▶ What is required
Every line of the material needs an exact copy, apart from the images.

BEGIN Dataset excerpt

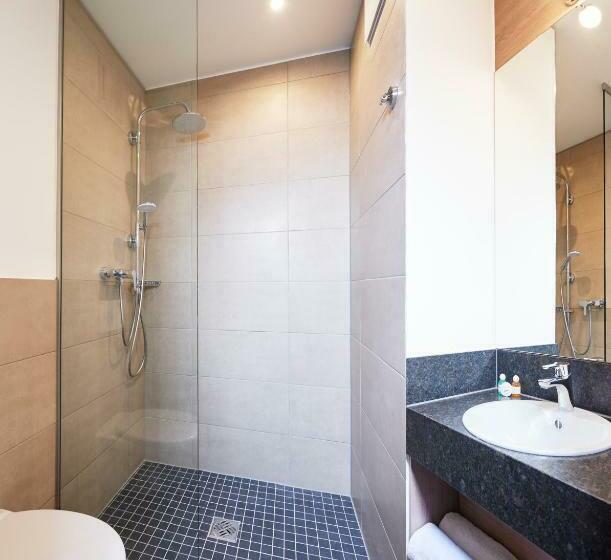 غرفة قياسية فردية, New In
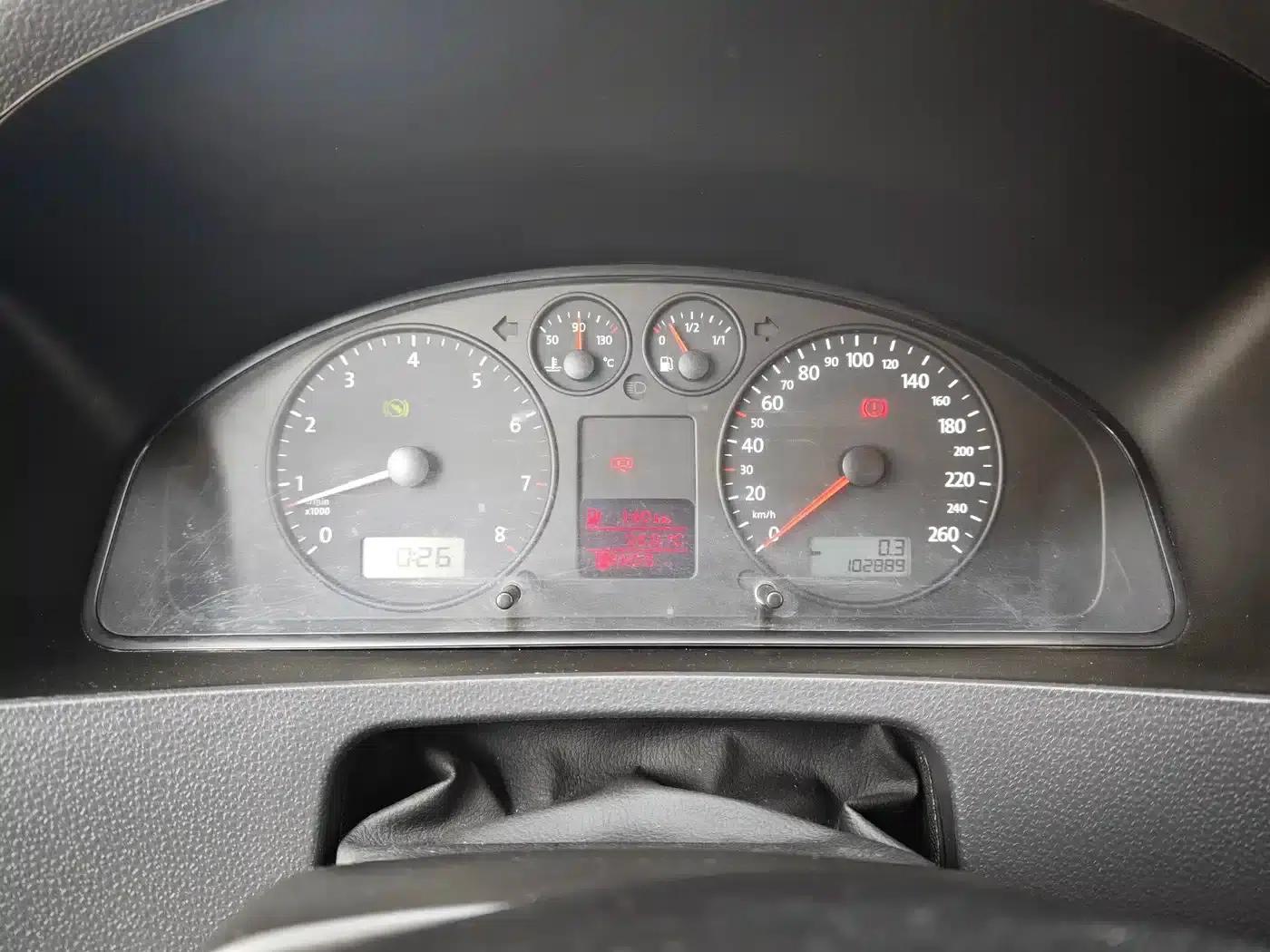 Caravelle 2008 3.2L 2WD Comfort — миниатюра 12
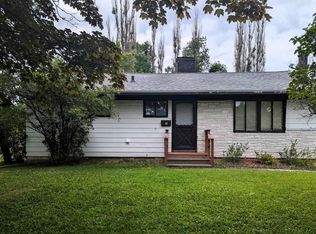 28 James Rd, Silver Bay, MN 55614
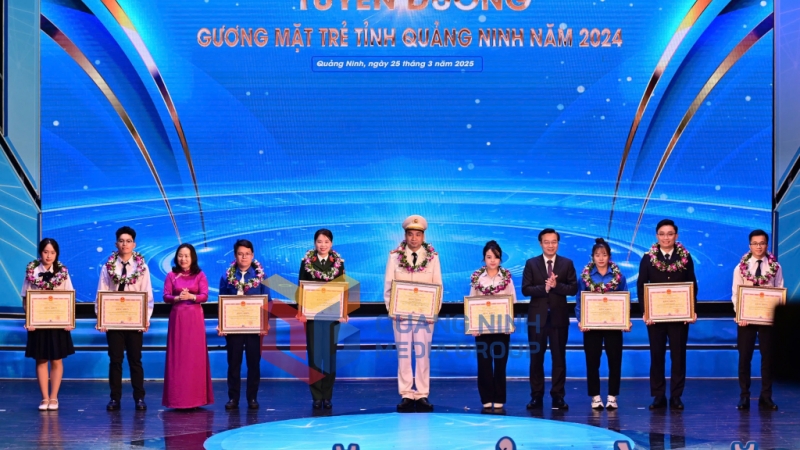 Lễ tuyên dương Gương mặt trẻ, Tài năng trẻ tiêu biểu tỉnh Quảng Ninh năm 2024 - 9 gương mặt trẻ tiêu biểu năm 2024 nhận Bằng khen của UBND tỉnh Quảng Ninh (3-2025). Ảnh: Minh Đức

END Dataset excerpt

▶ Solution for this problem
 غرفة قياسية فردية, New In
 Caravelle 2008 3.2L 2WD Comfort — миниатюра 12
 28 James Rd, Silver Bay, MN 55614
 Lễ tuyên dương Gương mặt trẻ, Tài năng trẻ tiêu biểu tỉnh Quảng Ninh năm 2024 - 9 gương mặt trẻ tiêu biểu năm 2024 nhận Bằng khen của UBND tỉnh Quảng Ninh (3-2025). Ảnh: Minh Đức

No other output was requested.